Kolumne Habibitus: „Bio“ ist für mich Abfall

Manche Begriffe sind so pseudo-korrekt, dass sie Sprache nur verschlimmbessern können. „Biodeutsch“ ist so ein desaströses Wort.

Diverse Abfälle in einer Biotonne

So sieht „Bio“ aus Foto: dpa

Eines meiner liebsten deutschen Wörter ist das Verb „verschlimmbessern“. Es ist eine Mischung aus „verschlimmern“ und „verbessern“ und bedeutet laut Wörterbuch „etwas durch eine gut gemeinte Aktion nur noch schlimmer, schlechter machen“. Vielleicht mag ich den Begriff so gern, weil er etwas beschreibt, das ich ständig in meinem Umfeld beobachte.

Zum Beispiel Deo auf Schweißgeruch. Oder als meine ehemalige (sic!) Friseurin merkte, dass mein Pony scheiße aussah und ihn durch einen „fransigen“ Look auflockern wollte.

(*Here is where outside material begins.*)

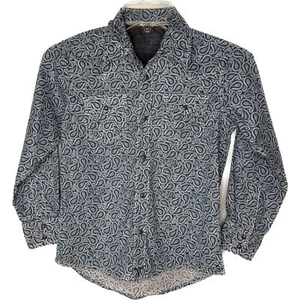 Wrangler boys 20X Competition pearl snap shirt paisley blue long sleeve M - Picture 1 of 5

Auch ich habe mal etwas verschlimmbessert: In der dritten Klasse wollte ich nicht, dass meine Eltern sehen, dass ich eine 3 in Mathe geschrieben habe. Eine 3 in Mathe hätte bedeutet, dass ich Fernsehverbot bekommen hätte und so das Anime-Nachmittagsprogramm auf RTL II – mein größtes Hobby damals – verpassen würde. Jede Klassenarbeit mussten wir aber unterschreiben lassen. Also fälschte ich die Unterschrift meiner Mutter.

Da ich aber fand, dass Druckbuchstaben nicht authentisch genug rüberkamen – sorry, Mama –, habe ich ihren Nachnamen in Schreibschrift geschrieben. Mir fiel dann ein, dass eine Neuerfindung ihrer Unterschrift aber mindestens genauso unglaubwürdig rüberkam, also schnitt ich kariertes Papier aus und klebte es dem bestehenden Klausurpapier millimetergenau angepasst über die falsche Überschrift.

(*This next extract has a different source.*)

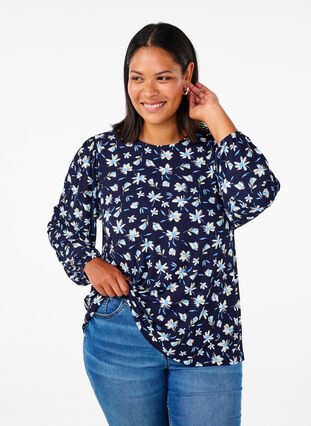 Zizzi Bluse mit langen Ärmeln und geblümtem Print, Night Sky AOP, Model image number 0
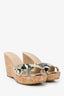 Jimmy Choo Black/Green Snake Printed Leather Wedges Size 38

Dann rieb ich über die Kanten des aufgeklebten Papiers, in der Hoffnung, dass es mit dem eigentlich Papier irgendwann fusionieren würde. Und dann machte ich noch eine falsche Unterschrift drüber. Flog natürlich auf und meine Eltern machten eine Kindersperre in den Fernseher. Habe die Situation also insgesamt drei Mal verschlimmbessert.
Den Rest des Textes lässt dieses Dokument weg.